━━ Data records
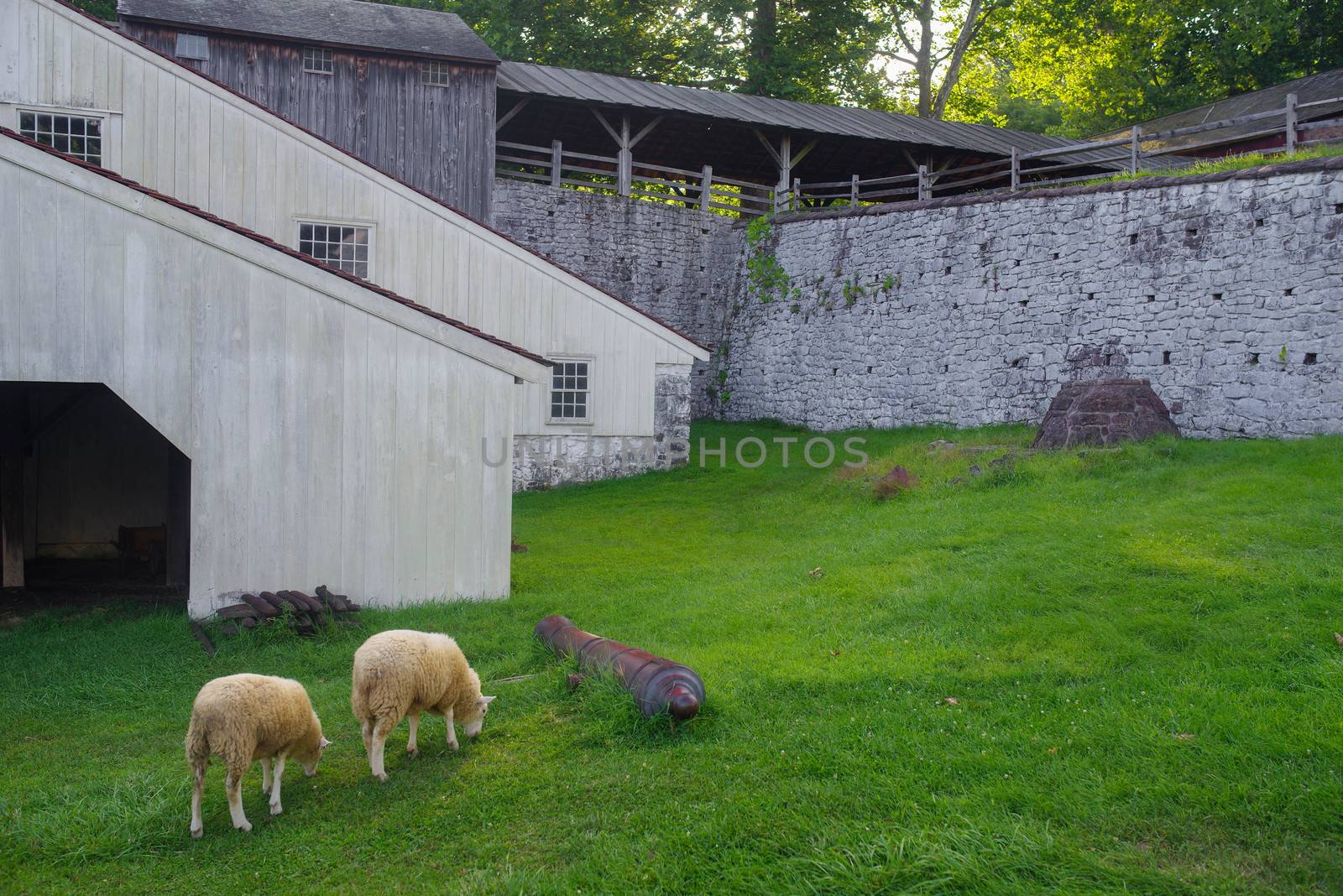 Sheep grazing around a cannon at the Hopewell Furnace National Historic Site in Pennsylvania. Stone wall and whitewashed wood buildings.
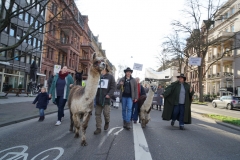 Demonstration des Hessischen Verbandes für Schafzucht- und Haltung e. V. am 15.01.2020 in Wiesbaden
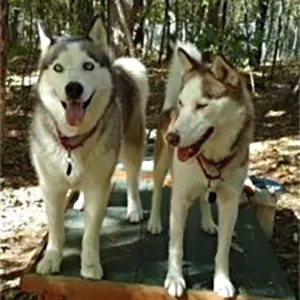Nikki & Sammy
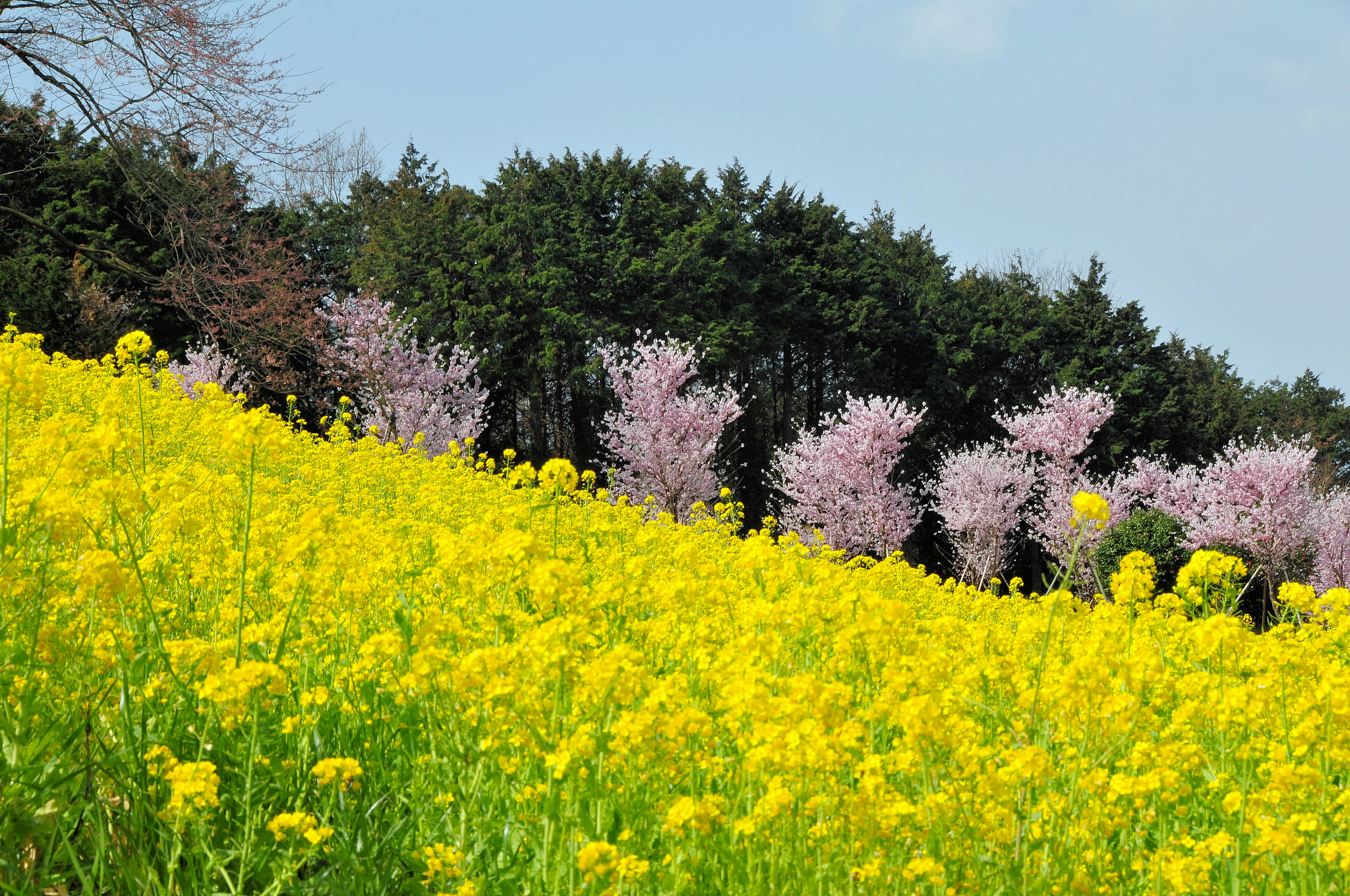 晨曦初照,暖风和煦, 花朵含苞待放,雀鸟嬉戏枝头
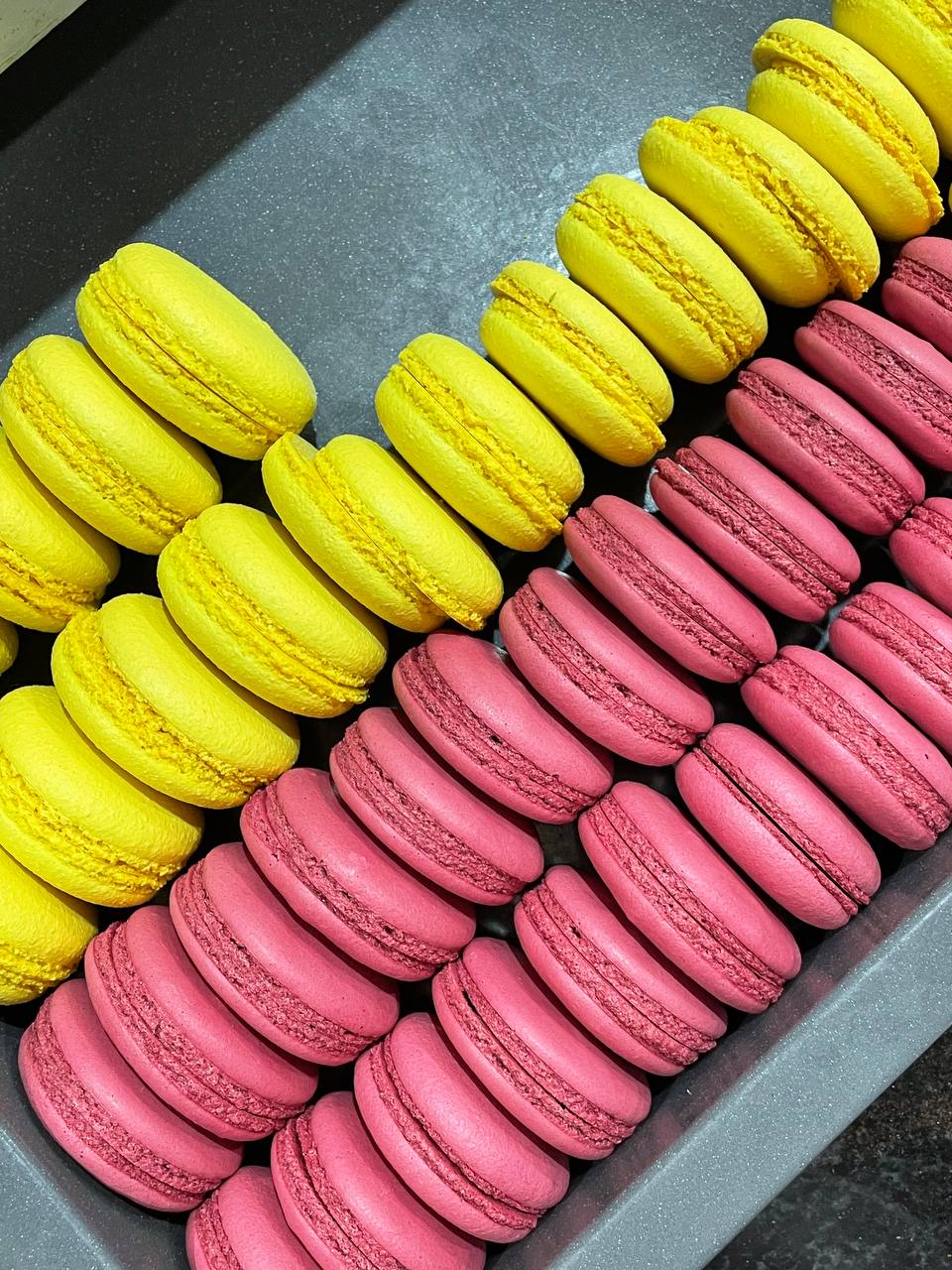 photo 5257961047975464940 y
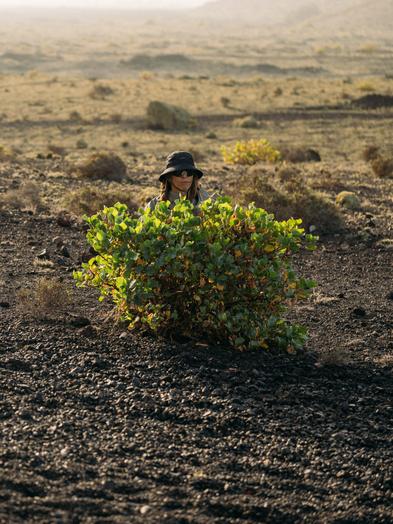 Half witdh tout grid image for our sustainability journey Harmonized on Compliance Topics 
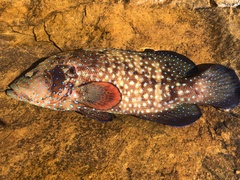 Cephalopholis cyanostigma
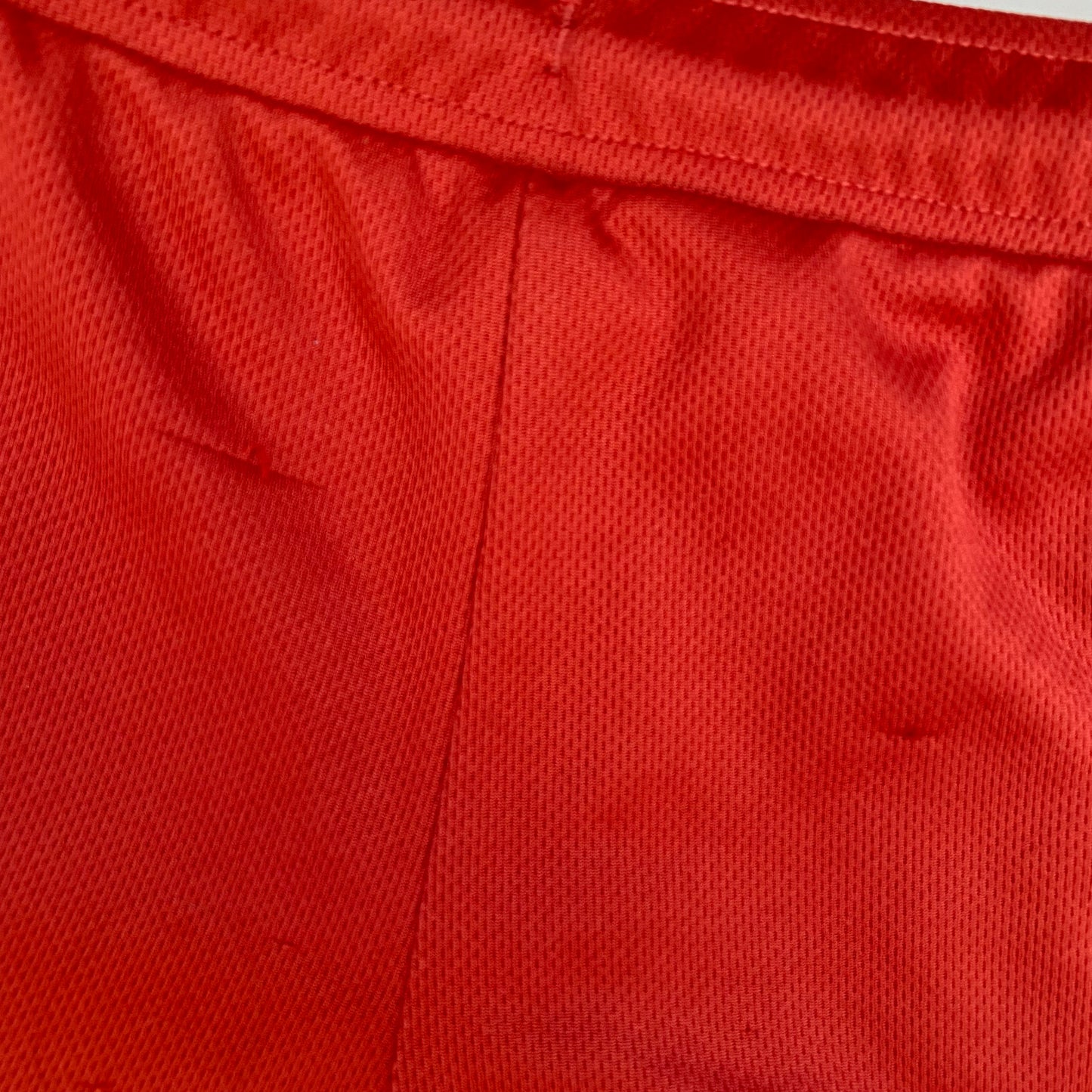 Rust Gym Shorts (3T)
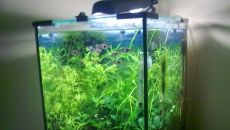35l - Zielono mi - Artur P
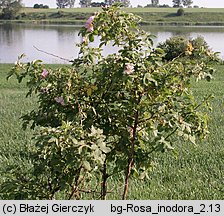 Rosa inodora (róża eliptyczna)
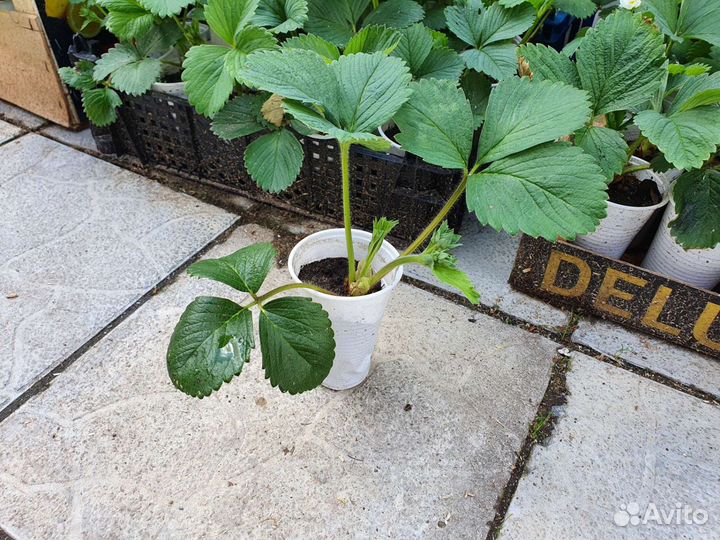 Клубника Московская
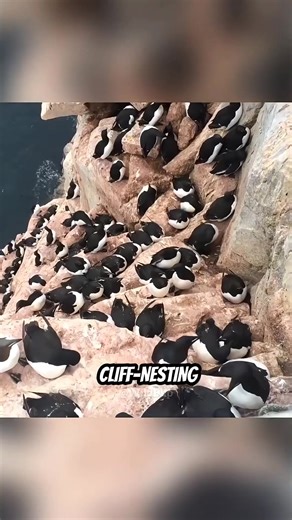 The Most Unique Bird Eggs in the World! 讀 #birds #nature #wildlife #animals #facts #discover | World Truths | Facebook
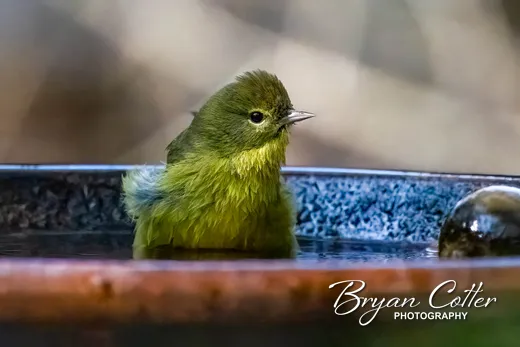 Orange-crowned Warbler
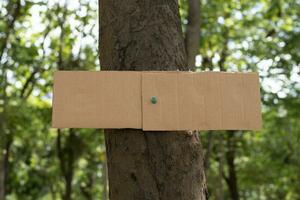 Tree trunk which has blank cardboard sticked on the bark, concept for environment study, nature study, calling out all people to respect environment and join world environment day campaign. photo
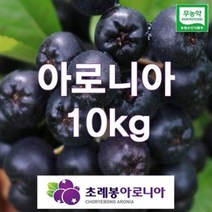 유기농 자연초생재배 초례봉아로니아냉동생과열매 상급 10kg / 농장 직배송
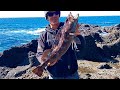 Rock Fishing The Oregon Coast, Lingcod FISHING HEAVEN!!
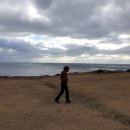 올레목장 이미지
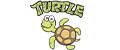 Turtle_kid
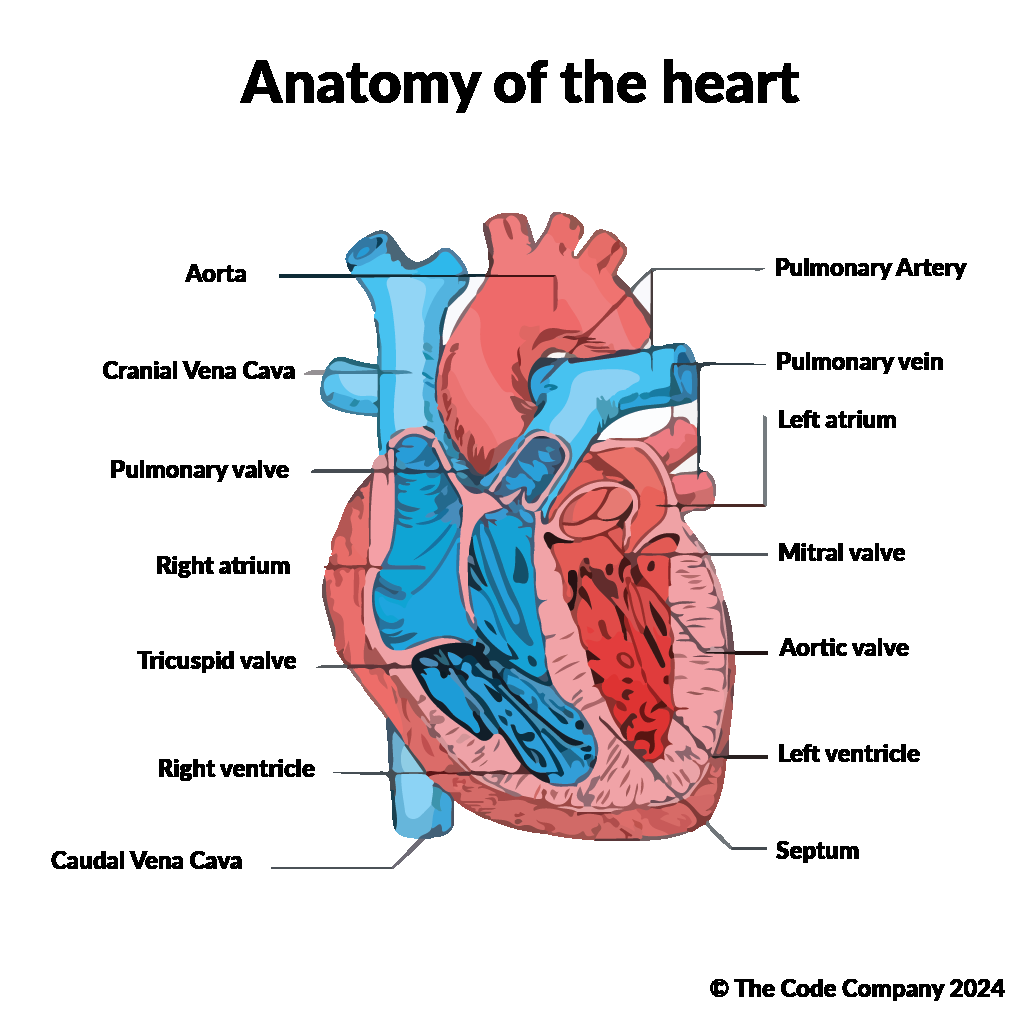 Circulatory Pathways Anatomy And Physiology II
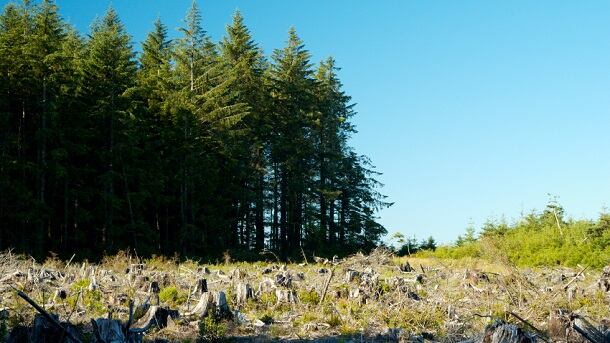 How can the food industry accelerate action on deforestation? 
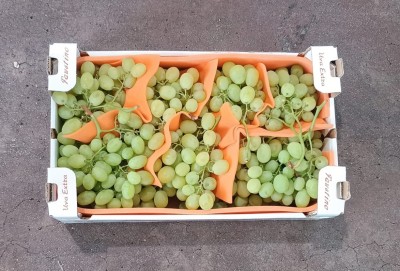 Foto Uva Bianca Varietà Vittoria Origine Italia Marchio Faustino  3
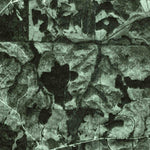 United States Geological Survey Delta, AL (1975, 24000-Scale) digital map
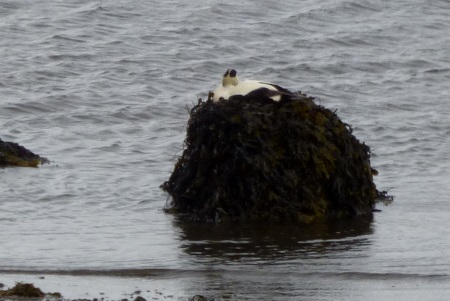 Eider Duck male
━━━━
Exercise prompt:
The answer should consist only of the lines from the line with "Foto Uva Bianca" through the last line of the data, repeated exactly; pictures stay out.

Task answer:
 Foto Uva Bianca Varietà Vittoria Origine Italia Marchio Faustino  3
 United States Geological Survey Delta, AL (1975, 24000-Scale) digital map
 Eider Duck male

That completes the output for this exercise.